Mientras el país atraviesa un contexto complejo, marcado por negociaciones financieras delicadas y emergencias ambientales como los incendios que afectan a Chubut, el Gobierno nacional puso en marcha una estrategia política intensa para garantizar el respaldo necesario a la reforma laboral que pretende llevar al Congreso en febrero. La iniciativa, clave para la agenda oficial, no solo requiere votos suficientes, sino también un volumen político que le otorgue legitimidad en un escenario de resistencias crecientes.
Desde la Casa Rosada sostienen que los números para la aprobación están, pero admiten que el respaldo de los gobernadores será determinante. La propuesta genera inquietud en las provincias, especialmente por el impacto fiscal que tendría la reducción del impuesto a las Ganancias para las empresas y los beneficios previstos para el sector empresario, medidas que recortarían recursos coparticipables en un momento de estrechez financiera. La preocupación atraviesa tanto a mandatarios dialoguistas como a aquellos con posiciones más críticas.
El ministro encargado de las negociaciones inició una ronda de encuentros personales con gobernadores, replicando la metodología utilizada en debates anteriores: escuchar demandas provinciales, tomar nota y luego evaluar concesiones desde el área económica. La primera parada fue Chubut, aunque el inicio del recorrido estuvo condicionado por la emergencia provocada por los incendios forestales en distintas localidades, que relegaron el debate legislativo a un segundo plano.

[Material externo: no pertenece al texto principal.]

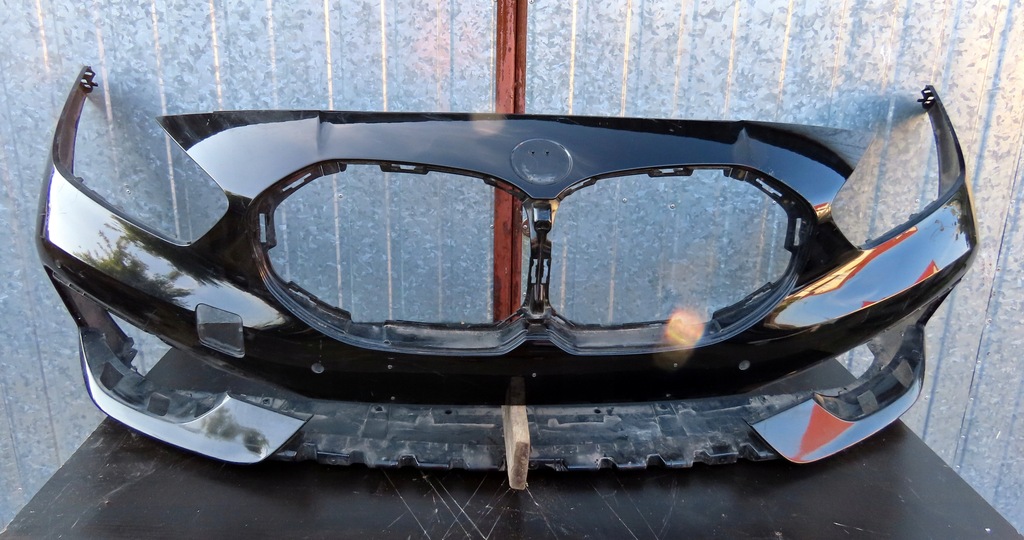 фото №1, Бампер перед передній bmw x1 f40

En ese contexto, el gobernador chubutense expresó una postura prudente. Si bien coincidió en la necesidad de modernizar la legislación laboral, evitó definiciones tajantes y puso sobre la mesa reclamos pendientes, como la asistencia por los incendios y el traspaso de las cajas jubilatorias, una deuda millonaria que la Nación mantiene con varias provincias. Incluso, adelantó acciones judiciales para reclamar fondos retenidos, lo que agrega tensión a la negociación política.
El mapa legislativo de Chubut muestra un escenario dividido. En el Senado, dos representantes alineadas con el gobernador podrían ser claves en el debate inicial, mientras que en Diputados ya se escuchan voces sindicales que rechazan abiertamente la reforma tal como está planteada, advirtiendo que no protege los intereses provinciales ni de los trabajadores.
La gira continuará con reuniones con otros gobernadores, entre ellos mandatarios radicales y referentes del peronismo, todos atentos a un artículo específico del proyecto que recortaría casi dos billones de pesos de la coparticipación vinculada al impuesto a las Ganancias. Provincias de peso económico, como Buenos Aires, Córdoba y Santa Fe, figuran entre las más perjudicadas, y algunas ya anticiparon su rechazo a ese punto.
Además de las objeciones políticas, surgieron cuestionamientos técnicos y legales. Legisladores de la oposición alertaron sobre el impacto fiscal real de la reforma y advirtieron que varios artículos beneficiarían a grandes empresas sin garantizar mejoras concretas en inversión o empleo. También señalaron posibles conflictos constitucionales, especialmente en lo referido a la limitación del derecho a huelga.
Con este panorama, el Gobierno aguardará el cierre de las rondas de diálogo para definir qué modificaciones está dispuesto a aceptar. En el oficialismo más pragmático reconocen que sin ajustes en los puntos más sensibles, la reforma corre el riesgo de naufragar antes de llegar a puerto. La pulseada recién comienza y promete marcar el pulso político de los próximos meses.